I’m having trouble understanding how a stock market could “care” about anything. That’s like asking if the cards care whether your winning or losing at blackjack.

Can you flesh that question out more?

That’s a little disingenuous. I think a more apt comparison might how how the casino feels (about small-time players who get cleaned out).

And the evidence is plentiful that “the stock market” doesn’t really care who gets trampled underfoot or loses their last dime because the [del]croupiers[/del] traders have only their own interests in mind.

The most interesting factiod I’ve seen re current China Economy:

The Chinese middle class is becoming more of a driving force - the trend is for China to transition from a Foreign Investment/Export model to a Internal Consumption model.
IOW: stop being dependent on outside demands and cash to internal consumer demands.

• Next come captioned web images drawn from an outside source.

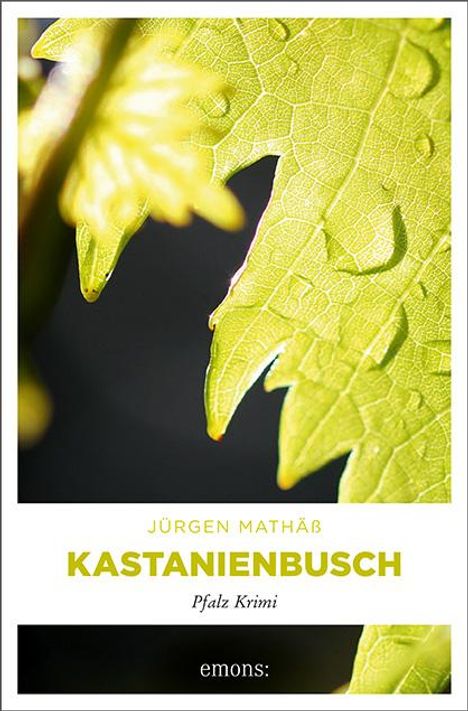 Jürgen Mathäß: Kastanienbusch, Buch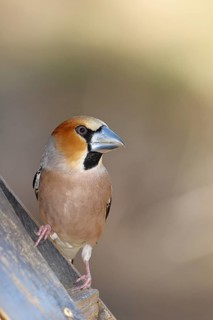Hawfinch (Coccothraustes coccothraustes), male, sitting at a feeder in the garden, wildlife,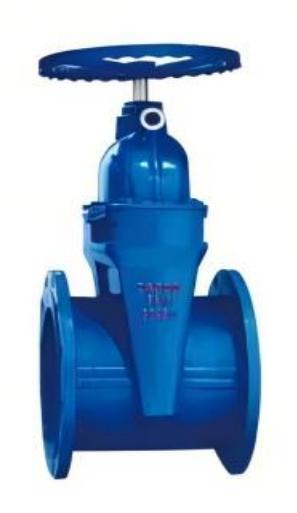 GATE VALVE CAST IRON FLANGE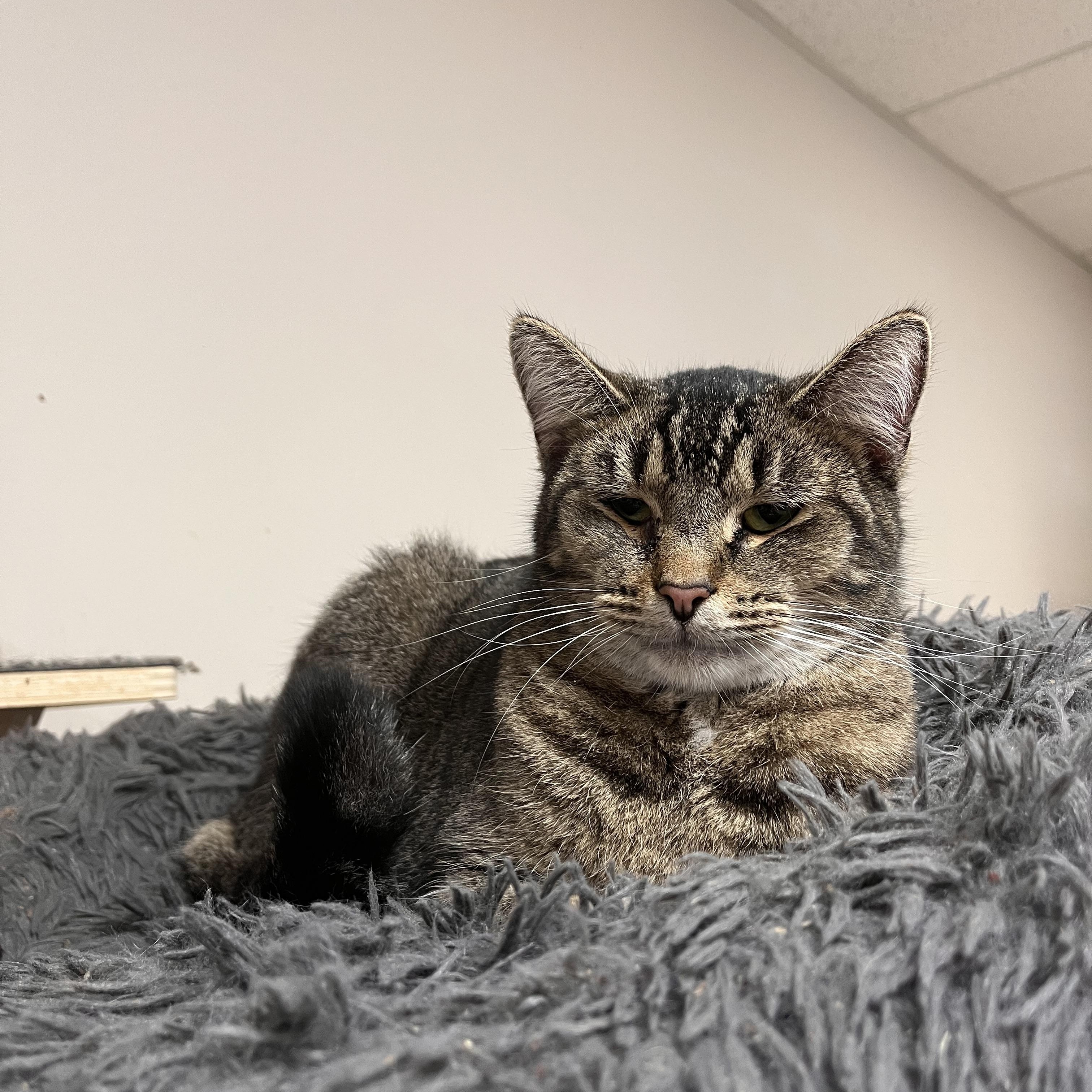 Enlarge Leo, a Adoptable mixed breed in Toledo, OH image 1/1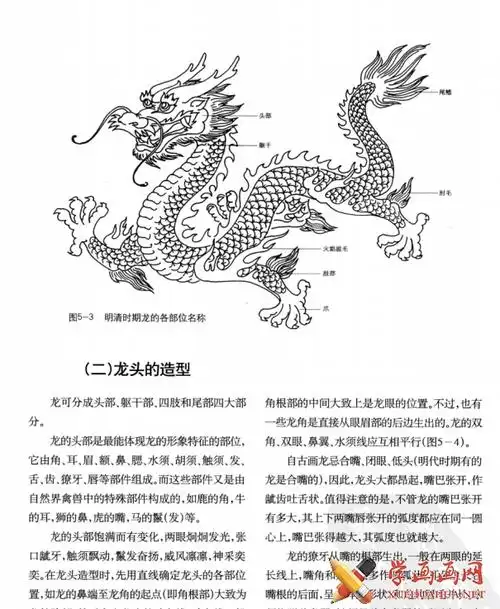 中国龙的画法中国龙的造型pdf电子书在线观看下载
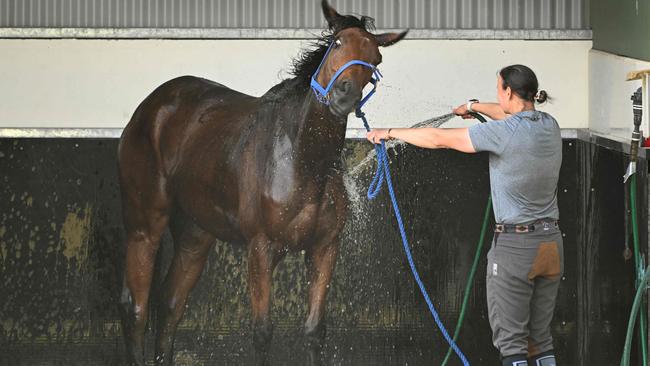 Absurde gets washed down at Werribee on Monday morning.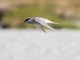 Black-fronted Tern (Chlidonias albostriatus)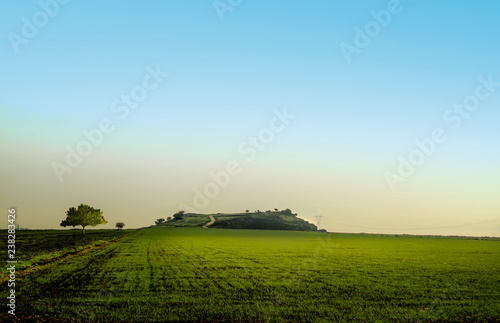 view and skyline of hill with green field in spring.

Long term, this should be a healthy trend - but, for those who make their money (and position) from import/export may be squished a bit.

Absolutely, and who is doing the massaging is as difficult to ascertain as how much. China is a huge country with 1.4 billion people, 160 cities with over a million people, 14 cities of over 5 million people, 900 million cell phone users, 189 billionaires, 2,000 Newspapers, and 40 million private businesses, of which 2,500 are listed on stock exchanges. Trying to keep tabs on all that must be quite a difficult ask, especially as the biggest businesses are run by your colleagues in government who also want to present nice growth.

A couple of interesting articles on the Chinese stock market and economy:

It’s Amateur Hour in China
TL,DR: Chinese government is remarkably inept at managing its stock market and economy.
Exodus of ‘sea turtles’ blamed for China market chaos
TL,DR: The aforementioned Chinese government ineptitude is due in part to expatriate economic experts who came back to China to help the government manage its economy, were treated poorly, and left in disgust.

I thought it was shocking that the Shanghai Composite Index increased by a factor of 2.5 in the past year before crashing. Then I noticed the much bigger bubble in 2005-2007, when the index increased by a factor of 5.5 in just two years before crashing horribly. Yes, you could have quintupled your money in 24 months - if you had managed to time things right.

China’s stock market is as scary as its infrastructure.

The “caring” involves whether a decline in the economy of third world countries is positive or negative for particular stocks or sectors the trader cares about. That goes for everything. It is why a decline in unemployment may drive the market lower if traders think it might mean an interest rate hike sooner. That’s “caring” about unemployment but not the way people care.

I’ve read about an index of how dependent a company’s sales are on China. Apple is #1 in it.